Australia has one the world’s highest levels of household debt, and research shows that adults who have fallen behind on repayments are cutting back on expenses such as food and utilities. But how pervasive is the impact of debt on spending, and how does it affect the broader economy? Are only financially constrained households making cutbacks?
Economists at the Reserve Bank of Australia (RBA) recently found that households pare back their spending when their mortgage debt rises – a phenomenon called the ‘debt overhang effect’. The study shows that this effect has spread across households with owner‑occupier mortgage debt – and is not solely driven by households that are financially strained or need precautionary savings. This demonstrates the extent of mortgage debt’s impact and how it could adversely affect businesses relying on consumer spending.
Explains weak spending
According to the RBA economists, a 10% increase in debt leads households to reduce consumption by 0.3%. Their findings suggest that the rise in aggregate owner-occupier mortgage debt since the global financial crisis has weighed on total spending across the economy.
This can be seen in the numbers today. Australian household consumption has remained weak since the financial crisis, and the RBA has revised down its economic growth forecast for 2019–20 from 2.75% to 2.5% – in part due to uncertainty around household spending.
“We estimate that annual aggregate consumption growth would have been around 0.2 to 0.4 percentage points higher had mortgage debt remained at its 2006 level,” said Fiona Price, Benjamin Beckers and Gianni La Cava, authors of the RBA study.
Australia’s total household debt has steadily risen relative to income over the past three decades, driven mainly by mortgages.

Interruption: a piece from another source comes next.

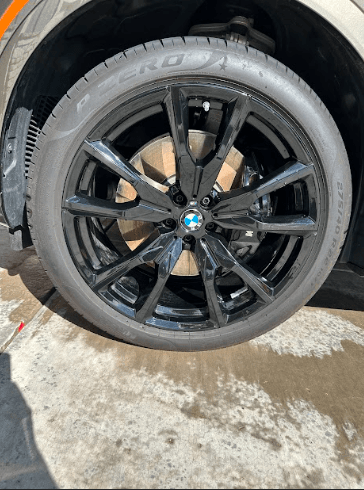 Paint surface after protection treatment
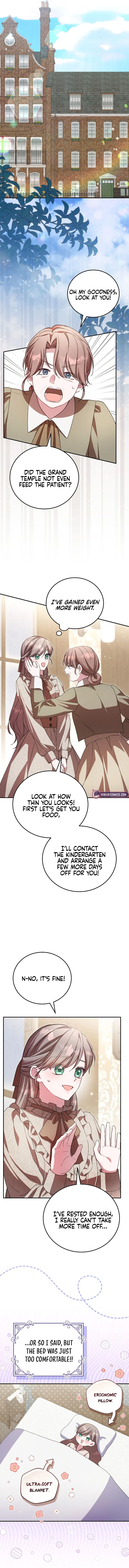 The Teacher at the Noble Kindergarten Is Having a Hard Day Chapter 21 – Page 7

The ratio rose from around 70% in the early 1990s to 190% in 2018.
Figure 1: Australian household debt and consumption
Figure 2: Debt-to-income ratio for household mortgages*
Spending cuts even as assets rise
Notably, the RBA researchers found that households trim spending even when their gross asset values grow by the same amount as their debt. “In other words, a deepening of household balance sheets is associated with less household spending, even if it is not associated with rising net indebtedness,” said the researchers. “This directly violates conventional consumption theories such as the permanent income hypothesis, which assumes that the composition of household balance sheets does not affect consumption.”
Economic policymakers have generally not expressed alarm over the impact of elevated levels of household debt on the economy.
The RBA, for example, has acknowledged that highly indebted households pose a key risk to financial stability. But it expected these households to potentially cut spending when macro-economic conditions decline – not during favourable or ‘normal’ times. The study’s findings might change this view.
In good times and bad
Not surprisingly, the study found that household spending is more sensitive to debt during adverse economic conditions and housing price shocks. But remarkably, households scrimp even when the economy is doing well. “We find evidence that indebted households reduce their spending by more than other households during adverse macro-economic shocks, such as the global financial crisis, but the negative effect of debt is also pervasive at other times,” said the researchers. This finding might call into question the effectiveness of the Coalition Government’s $158 billion tax cuts package in stimulating the economy. The Government expects more than 10 million individuals to benefit from the package, mainly through refunds starting with this year’s tax returns. But will they spend their windfall or simply use it to cut their debt?